How do you program in the Pregel model?
- Executes in supersteps
- vertices run in lock-step (superstep to superstep)
- per-vertex "compute" functions
- update vertex state
- can read or send messages to neighbors
- read messages from previous super step
- write messages to next super step
- mutate the graph e.g.,
- some algorithms want to make supernodes that represent multiple vertices
- often want to merge vertices (entity resolution) or add/remove edges
- if searching for a subgraph, may want to replace it with a higher level vertices
- stop criteria (how does Pregel know when to stop?)
- vertices can vote to stop
vertex_compute(messages) sum = sum(messages) v = .15 / totalNumVertices + .85 * sum this.setValue(v) // set vertex's state to new pagerank value if getSuperStep() < MAX_STEPS nedges = this.numOutEdges() sendMessageToEdges(v / nedges) else voteToStop()
Why does the
< MAX_STEPS line exist? What happens if a subset of your neighbors decide to stop?

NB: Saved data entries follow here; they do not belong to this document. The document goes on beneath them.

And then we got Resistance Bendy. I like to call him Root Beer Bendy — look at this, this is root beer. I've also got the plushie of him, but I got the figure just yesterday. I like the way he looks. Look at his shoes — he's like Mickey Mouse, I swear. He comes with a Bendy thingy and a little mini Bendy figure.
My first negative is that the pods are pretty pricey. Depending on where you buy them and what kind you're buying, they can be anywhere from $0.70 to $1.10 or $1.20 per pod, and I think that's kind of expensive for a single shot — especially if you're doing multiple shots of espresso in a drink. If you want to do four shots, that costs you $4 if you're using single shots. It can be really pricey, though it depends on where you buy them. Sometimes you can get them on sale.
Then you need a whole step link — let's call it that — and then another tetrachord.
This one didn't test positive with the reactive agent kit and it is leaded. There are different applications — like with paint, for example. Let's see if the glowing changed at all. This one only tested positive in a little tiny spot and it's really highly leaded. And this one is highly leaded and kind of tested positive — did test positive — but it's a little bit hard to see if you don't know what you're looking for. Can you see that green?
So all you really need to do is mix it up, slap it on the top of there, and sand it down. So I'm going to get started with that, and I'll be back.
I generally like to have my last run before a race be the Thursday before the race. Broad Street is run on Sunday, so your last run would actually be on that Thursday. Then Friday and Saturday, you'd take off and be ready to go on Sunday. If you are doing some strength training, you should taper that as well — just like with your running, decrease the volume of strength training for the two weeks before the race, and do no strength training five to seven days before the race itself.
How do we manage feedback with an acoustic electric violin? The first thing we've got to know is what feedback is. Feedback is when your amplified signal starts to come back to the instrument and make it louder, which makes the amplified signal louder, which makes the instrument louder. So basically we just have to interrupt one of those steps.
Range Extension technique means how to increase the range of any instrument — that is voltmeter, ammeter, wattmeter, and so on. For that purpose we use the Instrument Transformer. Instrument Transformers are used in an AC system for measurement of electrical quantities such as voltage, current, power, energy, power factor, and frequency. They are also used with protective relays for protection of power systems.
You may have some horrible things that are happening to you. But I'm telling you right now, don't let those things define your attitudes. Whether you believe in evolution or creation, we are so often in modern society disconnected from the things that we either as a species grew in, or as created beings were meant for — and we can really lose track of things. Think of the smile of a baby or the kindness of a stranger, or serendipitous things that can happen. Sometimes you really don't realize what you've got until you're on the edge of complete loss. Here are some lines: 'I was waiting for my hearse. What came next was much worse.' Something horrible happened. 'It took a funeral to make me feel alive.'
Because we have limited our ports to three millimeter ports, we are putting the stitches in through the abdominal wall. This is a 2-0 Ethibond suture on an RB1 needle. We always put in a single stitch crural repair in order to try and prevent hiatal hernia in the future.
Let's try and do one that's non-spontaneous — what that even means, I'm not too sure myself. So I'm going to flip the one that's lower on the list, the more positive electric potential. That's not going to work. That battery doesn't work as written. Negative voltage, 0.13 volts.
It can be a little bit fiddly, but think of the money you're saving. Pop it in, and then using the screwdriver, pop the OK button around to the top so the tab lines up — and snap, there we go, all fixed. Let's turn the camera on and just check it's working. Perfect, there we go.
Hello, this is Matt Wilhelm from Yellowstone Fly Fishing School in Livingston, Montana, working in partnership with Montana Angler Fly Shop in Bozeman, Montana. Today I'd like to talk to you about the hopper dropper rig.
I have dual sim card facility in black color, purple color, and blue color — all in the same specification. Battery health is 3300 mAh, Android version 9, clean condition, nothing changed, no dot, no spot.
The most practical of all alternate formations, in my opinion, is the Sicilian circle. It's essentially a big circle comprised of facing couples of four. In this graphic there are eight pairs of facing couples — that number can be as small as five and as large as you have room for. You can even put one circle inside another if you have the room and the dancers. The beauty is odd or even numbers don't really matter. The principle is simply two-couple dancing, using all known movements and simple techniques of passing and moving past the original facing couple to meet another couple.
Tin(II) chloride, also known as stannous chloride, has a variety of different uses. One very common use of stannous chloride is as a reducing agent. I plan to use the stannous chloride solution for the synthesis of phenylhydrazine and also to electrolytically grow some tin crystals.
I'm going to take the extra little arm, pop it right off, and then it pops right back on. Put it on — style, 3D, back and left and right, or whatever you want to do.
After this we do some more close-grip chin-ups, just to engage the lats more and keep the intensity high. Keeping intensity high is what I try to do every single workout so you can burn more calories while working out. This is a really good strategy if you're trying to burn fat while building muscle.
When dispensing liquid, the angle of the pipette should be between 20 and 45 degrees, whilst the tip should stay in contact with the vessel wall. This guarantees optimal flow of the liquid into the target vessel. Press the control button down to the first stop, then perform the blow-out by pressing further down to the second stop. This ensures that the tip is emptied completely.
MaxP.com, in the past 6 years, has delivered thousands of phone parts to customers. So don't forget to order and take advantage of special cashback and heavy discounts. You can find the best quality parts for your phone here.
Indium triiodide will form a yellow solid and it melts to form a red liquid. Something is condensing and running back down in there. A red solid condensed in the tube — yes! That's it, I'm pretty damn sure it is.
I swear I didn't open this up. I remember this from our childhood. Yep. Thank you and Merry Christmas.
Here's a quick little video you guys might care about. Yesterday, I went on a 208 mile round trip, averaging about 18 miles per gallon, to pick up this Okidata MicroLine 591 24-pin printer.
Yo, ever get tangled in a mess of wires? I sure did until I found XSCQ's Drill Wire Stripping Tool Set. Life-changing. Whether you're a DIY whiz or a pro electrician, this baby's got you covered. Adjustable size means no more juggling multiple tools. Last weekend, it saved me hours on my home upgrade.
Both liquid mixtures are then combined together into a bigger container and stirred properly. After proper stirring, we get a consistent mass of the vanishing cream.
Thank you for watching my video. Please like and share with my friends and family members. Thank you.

- This kind of sucks. See GraphLab below for advances
Running on >1 machines
Pregel needs to store the vertices (and their edges) across multiple machines.
- Pregel by default places vertices randomly (hash partitioning).
- GraphLab/subsequent systems talk about smartly placing vertices e.g., by cluster
Most systems assume the whole graph sits in memory
How to detect failures?
- Let's say we have one master and every node sends heartbeats.
- We can detect failure but how to recover?
- Could write everything to HDFS on every step and restore on recovery
- rollback whole cluster to last checkpoint
- Nodes store their messages and replay messages to failed nodes
So far, we've implied that the Pregel programming model is tied to the mapreduce/hadoop framework. But they're orthogonal!
What if we implemented in an RDBMS? What are the tables, what are the queries?
msgs (src, dst, value) edges(src, dst, weight)
How to query?
for each superstep for each node n oldmsgs = select * from msgs where dst = n newmsgs = select UDF(oldmsgs, n) delete from msgs where dst = n insert newmsgs into msgs table
Does this even make sense? Some cons (but how many of them are fundamental?)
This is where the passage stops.